Munroe pitched his idea before a live studio audience and a jury of national and local film professionals for The Block, one of the ways Oolite Arts seeks to build a pipeline of local filmmakers. With stories from Hialeah to Westchester and the waters off Coconut Grove, each of the finalists received a cash prize for their film – with a total of $32,000 invested in the documentaries.
“Miami is a city of stories, and winners of The Block are helping to shine a light on them all over our county. We’re delighted to be able to give them the support they need to bring these stories to our screens,” said Dennis Scholl, Oolite Arts’ president and CEO.
All of the finalists will receive access to the Lynn and Louis Wolfson II Florida Moving Image Archive.The top three winners will receive help making their films from the University of Miami School of Communication’s Department of Cinema and Interactive Media. The Lynn and Louis Wolfson II Family Foundation is the lead sponsor for this program.
"By supporting these filmmakers, we're supporting the communities whose stories they're sharing,” said Jason Fitzroy Jeffers, Oolite Arts’ Cinematic Arts program manager. “Homegrown films such as these allow us to understand ourselves and our neighbors across Miami more deeply."

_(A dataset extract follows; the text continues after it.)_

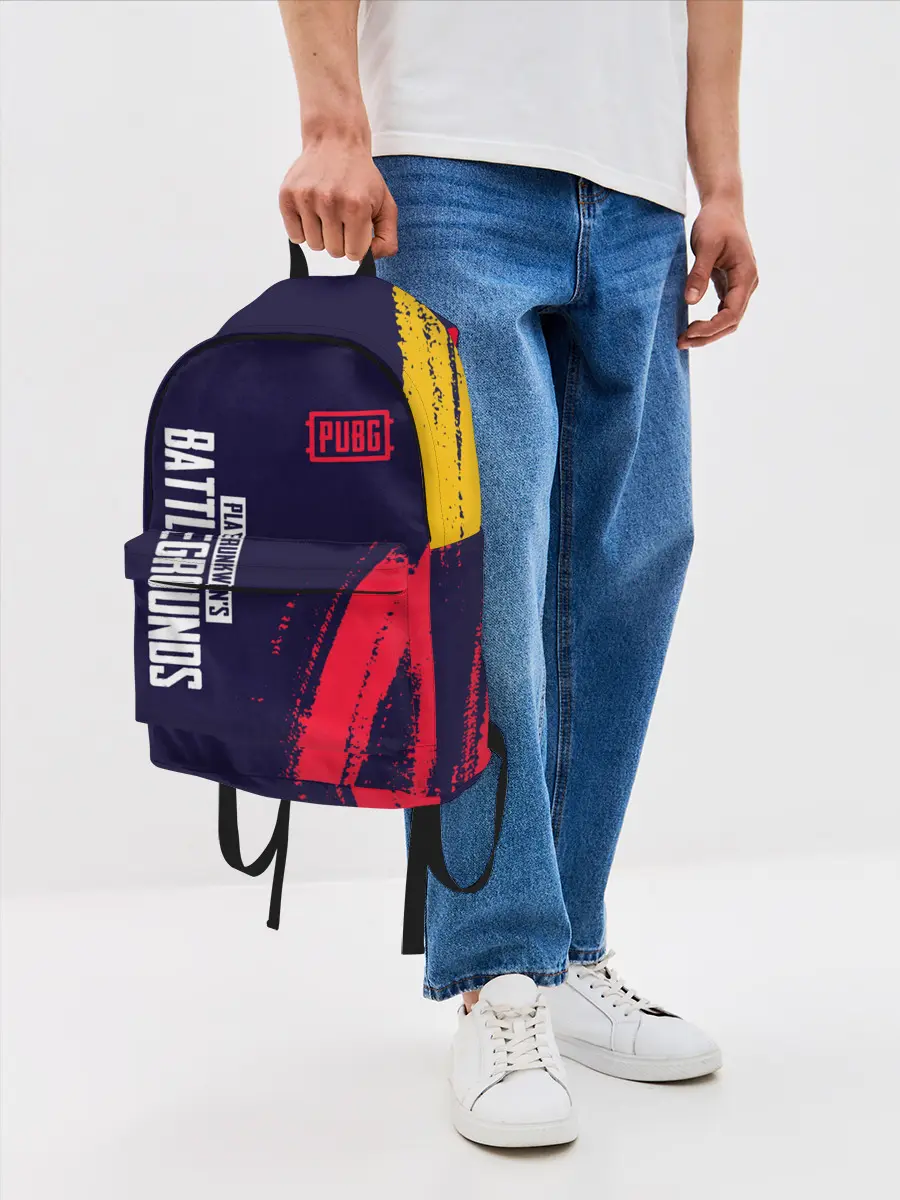 Рюкзак джинсовый / PUBG / ПАБГ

The other winners, and their award amounts, are as follows:
Guadalupe Figueras, for “Isle of Mine” ($8,000)
What is it like to come of age on an island threatened by the effects of climate change? A group of Normandy Isle children explore their own future, by reconstructing an exact replica of their neighborhood on the gaming platform Minecraft. In this virtual world, the children rehearse future scenarios of climate change-induced disasters, in a telling re-enactment of their own trauma following Hurricane Irma. The mixed media documentary “Isle of Mine” will provide a way for them to express their feelings about the future, while imagining other possible solutions and outcomes for their hometown.

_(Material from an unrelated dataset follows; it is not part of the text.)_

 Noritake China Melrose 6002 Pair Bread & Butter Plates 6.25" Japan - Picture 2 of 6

Ariana Hernández-Reguant, for “Seminola, Hialeah” ($6,000)
Every two years on a summer Saturday, the descendants of Seminola’s original settlers gather at the Hialeah neighborhood’s central green for Cotson Day, a celebration of community and history. Once a vibrant community of about 2,500 African Americans, the neighborhood has been decimated in recent years. The film will document this history, and follow past and current residents preparing for the big day.
Annik Adey-Babinski, for “Mooring” ($2,000)
For more than 30 years, 500-plus residents have called the mooring field and anchorage off Dinner Key Marina home. After monster storm Irma shredded docks and sank boats in 2017, landlubbing city officials left the community bobbing in disrepair. In “Mooring,” Mike and fellow liveaboards will reflect on the current state of the neighborhood and its storied past, and face the precarious future of their unique community.
Vincent Rives, for “El Afilador” ($2,000)
El Afilador– the knife sharpener – drives around the neighborhood in what appears to be an ice cream truck, complete with its own jingle. Yet a muffled voice blares from the speakerphone, offering the man’s services as a knife sharpener. To those not from the Westchester area, it sounds unusual. Why is this man sharpening knives in his truck? Locals know the man has brought a humble blue collar job from Cuba to the United States, and is, just like everyone else, trying to make a living.
In addition to the five finalists, the following filmmakers earned a special jury mention for their submissions, and will receive $1,000 for their projects: Daniel Rivero, Vanessa Charlot, Nicole Martinez, Alicia Edwards, Nadia Tahoun and Matthew Abad.
The Block is part of Oolite Arts’ new Cinematic Arts Program, which provides training and opportunities for local filmmakers, including a Cinematic Arts Residency which offers funding for filmmakers to make a microbudget narrative film.